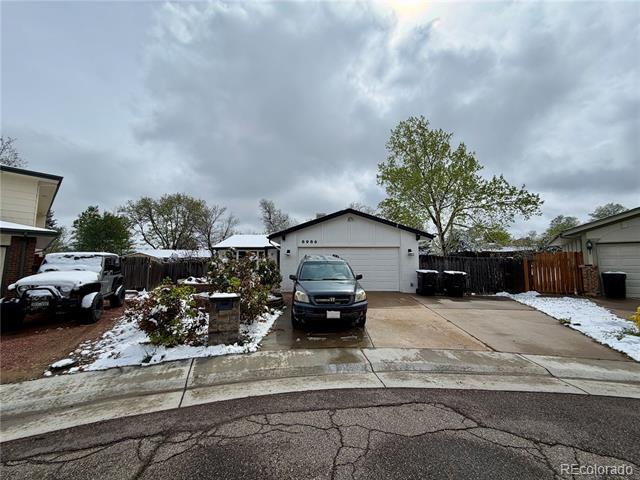 Building Photo - 8986 W 78th Ave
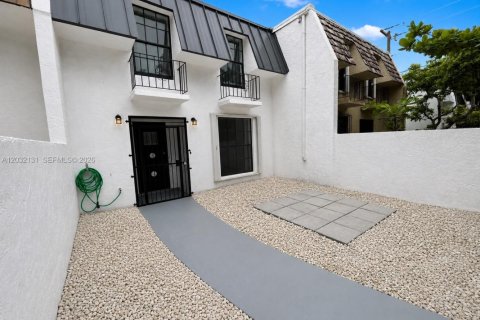 Touwnhouse à louer à Miami, Floride: 3 chambres, 151.43 m2 № 2176441 - photo 4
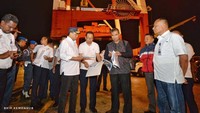 Sebagai informasi Pelabuhan Tenau Kupang dibangun pada tahun 1964 dengan panjang Dermaga 23 Meter. Kegiatan pelabuhan ini dikelola oleh Pelindo III bekerjasama dengan Kantor Kesyahbandaran dan Otoritas Pelabuhan (KSOP) Kelas III Kupang. Pool/Kementerian Perhubungan.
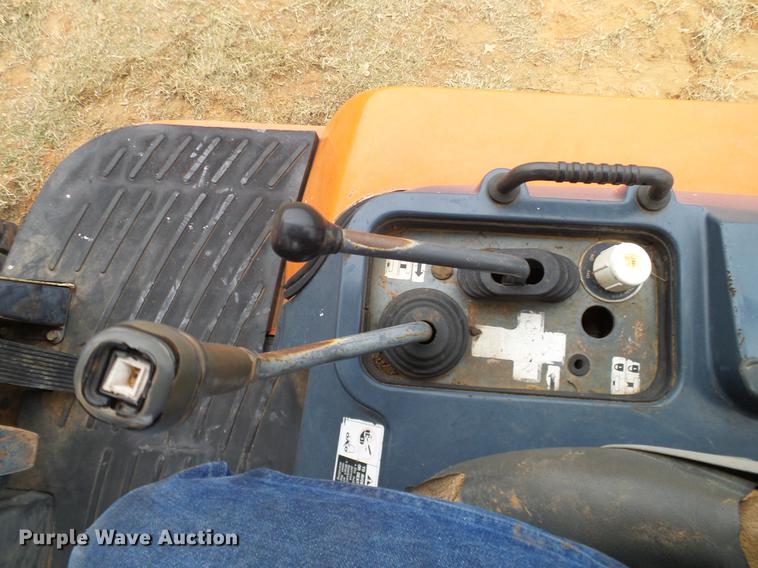 image for item DD1497 2005 Kubota R420S wheel loader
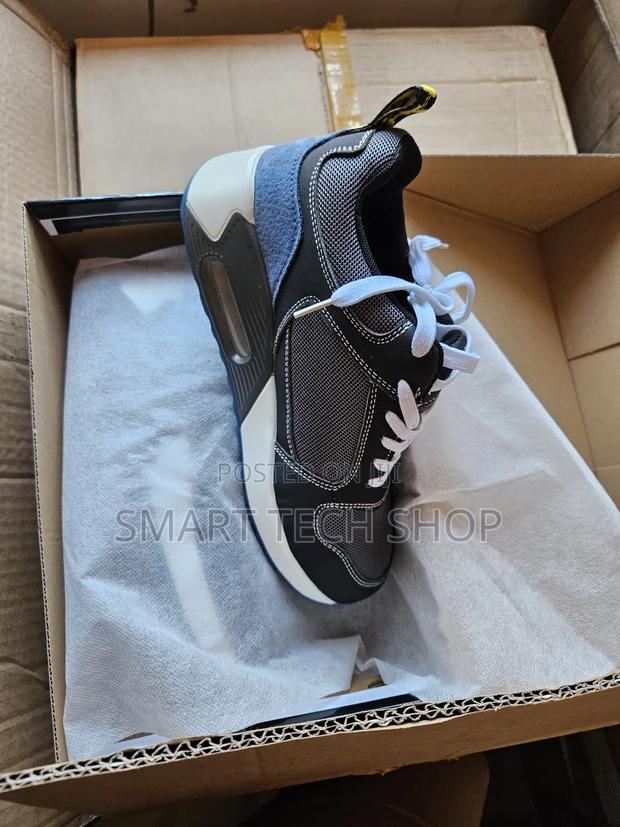 Sports Design Safety Shoe With Steel Toe, Anti Slip, Anti Smash.Kevlar photo 14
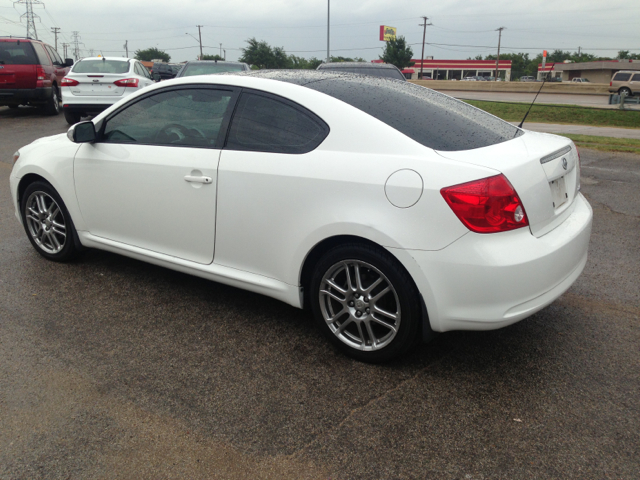 2005 Scion tC 2.0T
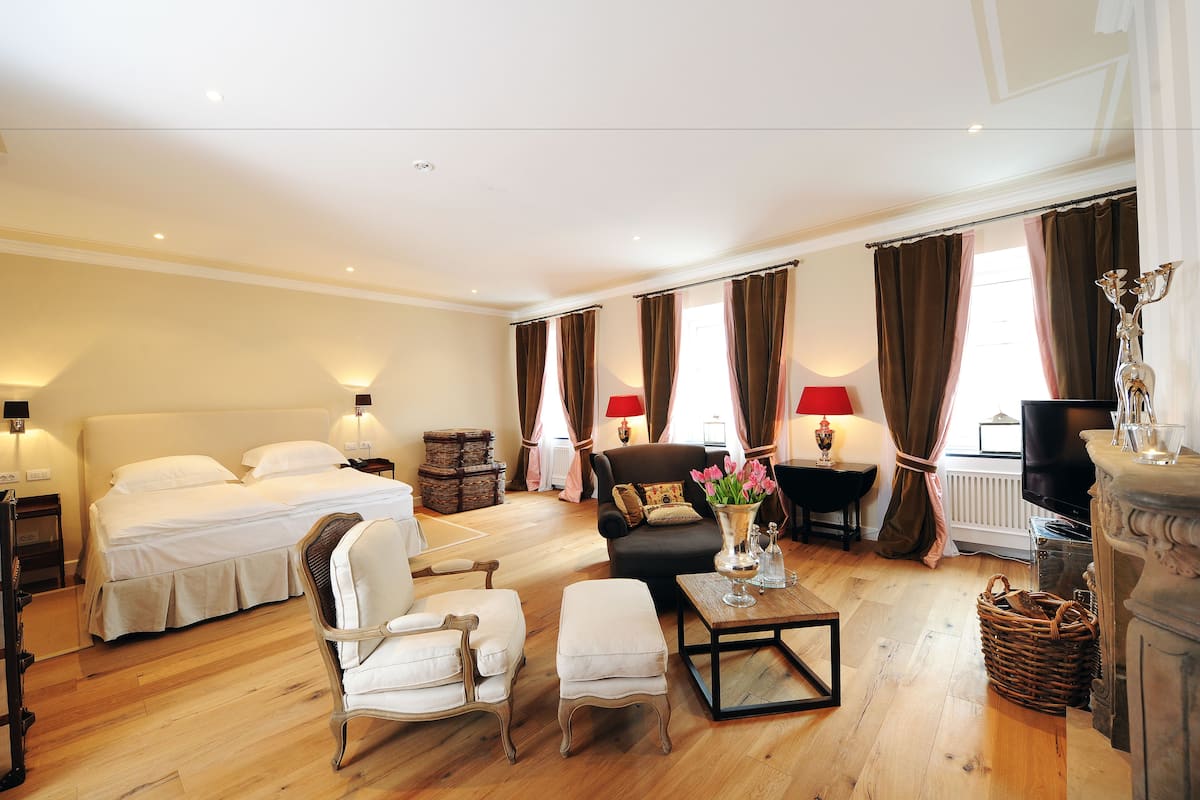 family suite, 1 bedroom | tempur-pedic beds, minibar, in-room safe, individually decorated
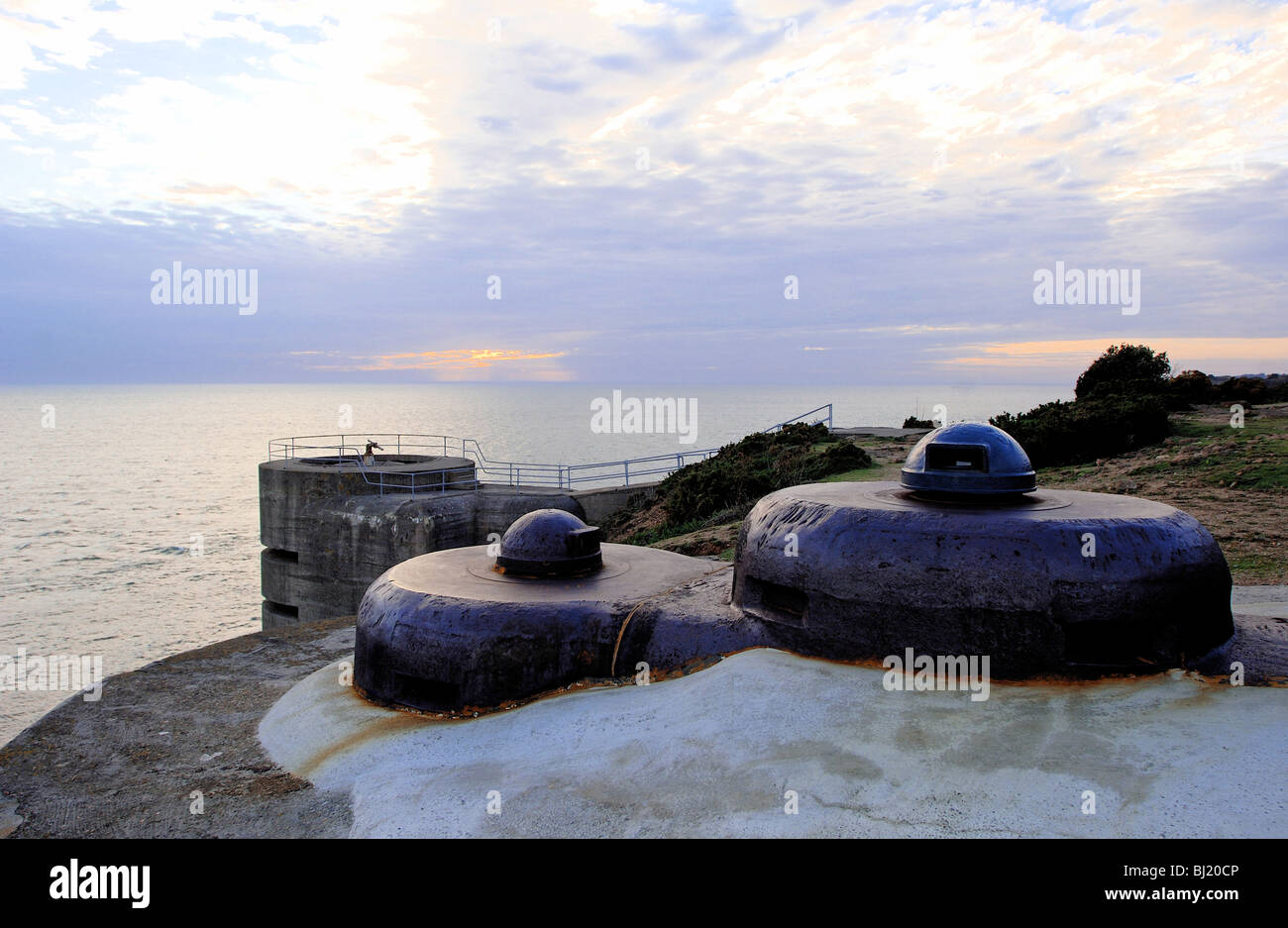Vue depuis le haut d'une guerre mondiale deux Tour d'observation allemand au Noirmont pointe sur l'île de Jersey Banque D'Images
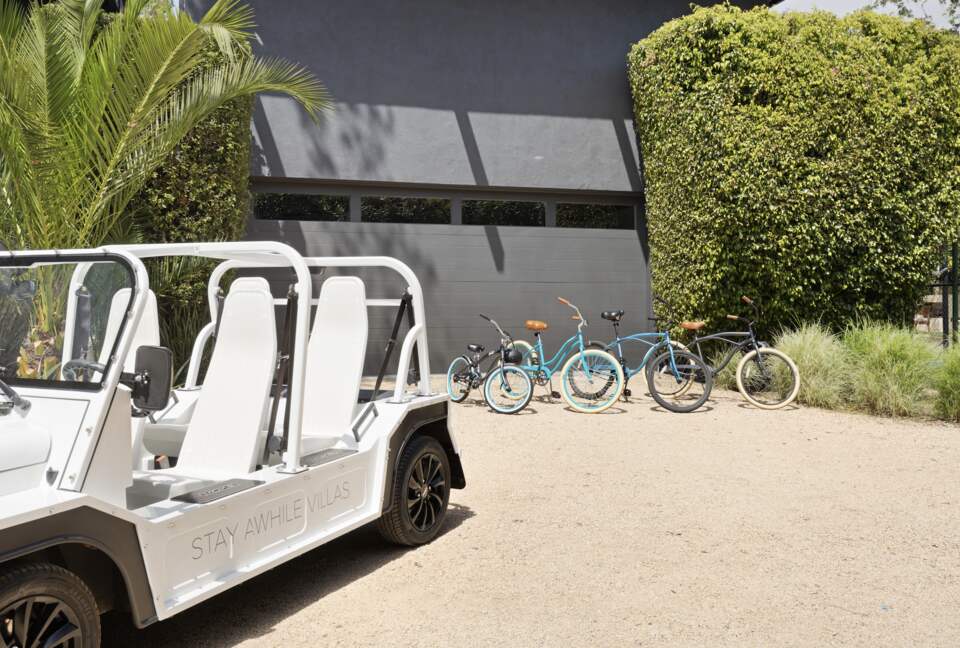 Luxe Malibu Beach Bungalow - Malibu, California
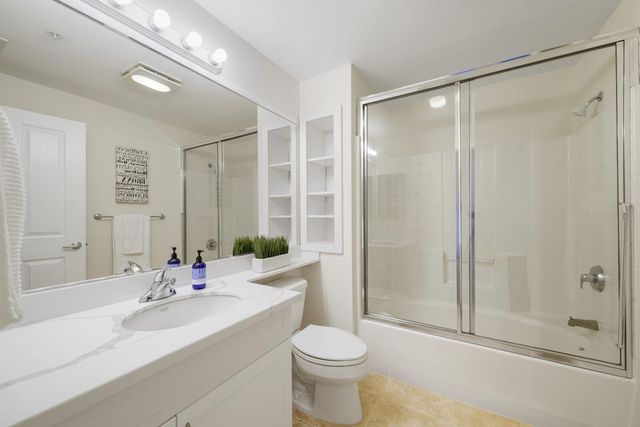1982 W Bayshore Road 223, East Palo Alto, CA 94303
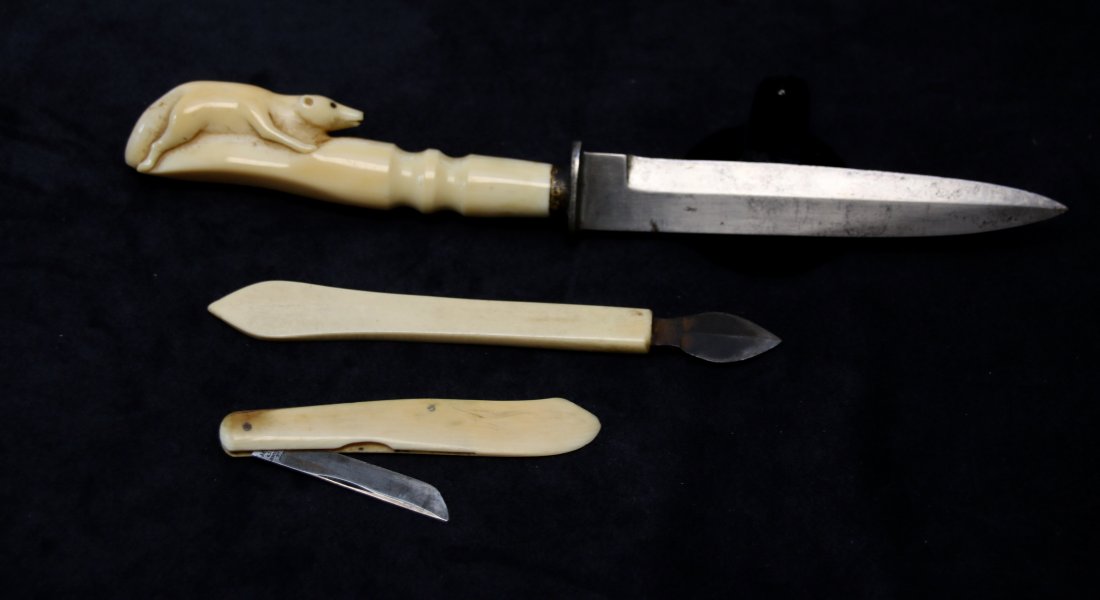 GROUP OF BONE HANDLE KNIVES: INCLUDING - POCKET KNIFE, ONE HAS CARVED FOX HANDLE, AND SKINNING KNIFE 4" TO 10 1/2"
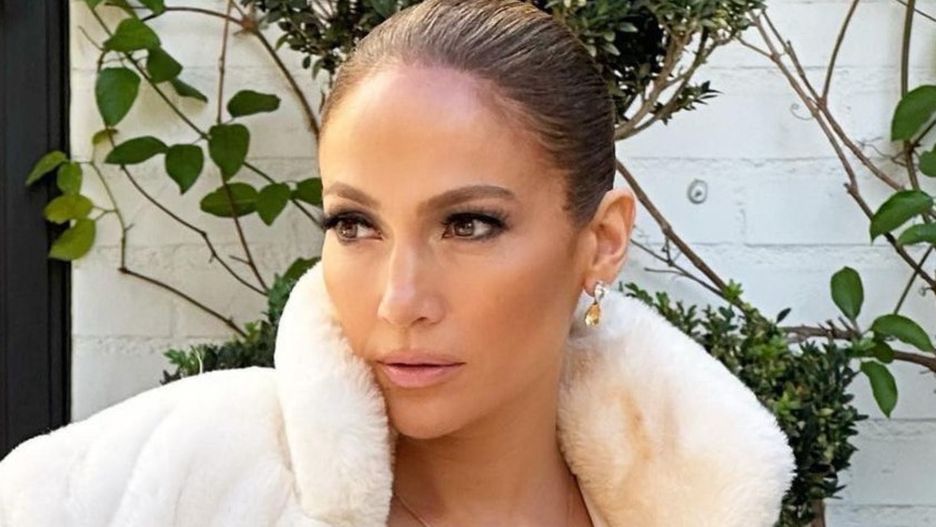 Jennifer Lopez nosi tej zimy krótkie futerko 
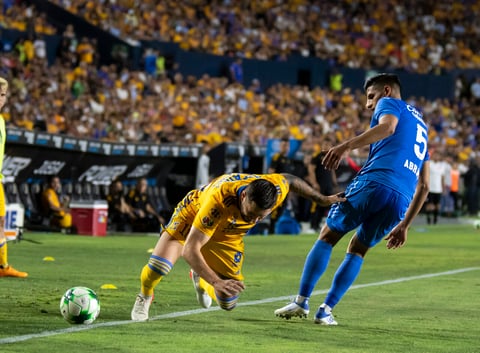 AME9672. MONTERREY (MÉXICO), 15/05/2022.- Andre Gignac (i) de Tigres disputa el balón con Luis Abram de Cruz Azul, durante un partido de cuartos de final del Torneo Clausura 2022, disputado en el estadio Universitario, en Monterrey (México). EFE/ Miguel Sierra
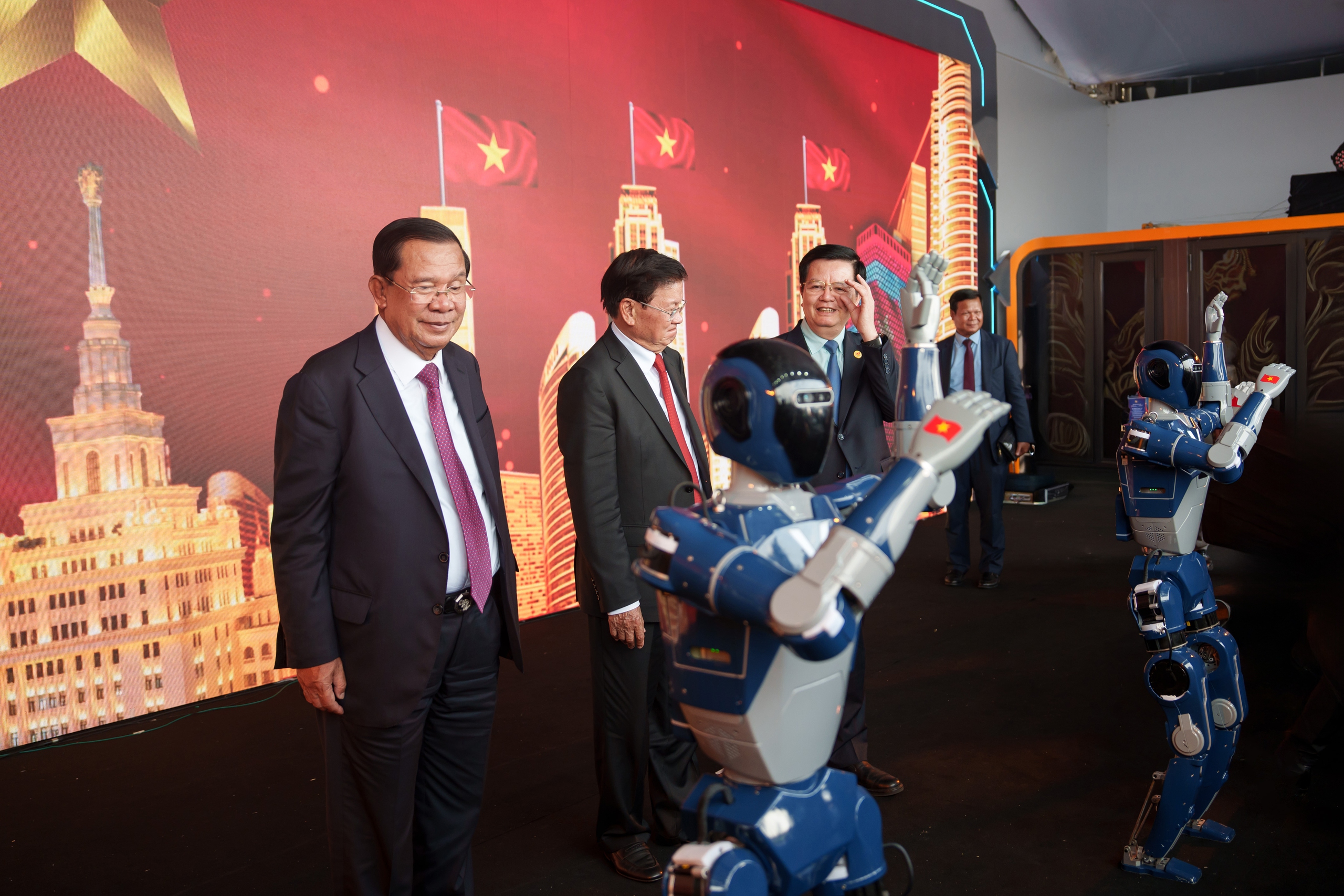 Lãnh đạo Lào , Campuchia tham quan triển lãm thành tựu đất nước cùng robot ' make in Vietnam ' - Ảnh 5. Lãnh đạo Lào , Campuchia tham quan triển lãm thành tựu đất nước cùng robot ' make in Vietnam ' - Ảnh 5.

* * *

Task directions: Transcribe all of the lines above exactly as given. The pictures stay out.

Problem solution:
 Building Photo - 8986 W 78th Ave
 Touwnhouse à louer à Miami, Floride: 3 chambres, 151.43 m2 № 2176441 - photo 4
 Sebagai informasi Pelabuhan Tenau Kupang dibangun pada tahun 1964 dengan panjang Dermaga 23 Meter. Kegiatan pelabuhan ini dikelola oleh Pelindo III bekerjasama dengan Kantor Kesyahbandaran dan Otoritas Pelabuhan (KSOP) Kelas III Kupang. Pool/Kementerian Perhubungan.
 image for item DD1497 2005 Kubota R420S wheel loader
 Sports Design Safety Shoe With Steel Toe, Anti Slip, Anti Smash.Kevlar photo 14
 2005 Scion tC 2.0T
 family suite, 1 bedroom | tempur-pedic beds, minibar, in-room safe, individually decorated
Vue depuis le haut d'une guerre mondiale deux Tour d'observation allemand au Noirmont pointe sur l'île de Jersey Banque D'Images
 Luxe Malibu Beach Bungalow - Malibu, California
1982 W Bayshore Road 223, East Palo Alto, CA 94303
 GROUP OF BONE HANDLE KNIVES: INCLUDING - POCKET KNIFE, ONE HAS CARVED FOX HANDLE, AND SKINNING KNIFE 4" TO 10 1/2"
 Jennifer Lopez nosi tej zimy krótkie futerko 
 AME9672. MONTERREY (MÉXICO), 15/05/2022.- Andre Gignac (i) de Tigres disputa el balón con Luis Abram de Cruz Azul, durante un partido de cuartos de final del Torneo Clausura 2022, disputado en el estadio Universitario, en Monterrey (México). EFE/ Miguel Sierra
 Lãnh đạo Lào , Campuchia tham quan triển lãm thành tựu đất nước cùng robot ' make in Vietnam ' - Ảnh 5. Lãnh đạo Lào , Campuchia tham quan triển lãm thành tựu đất nước cùng robot ' make in Vietnam ' - Ảnh 5.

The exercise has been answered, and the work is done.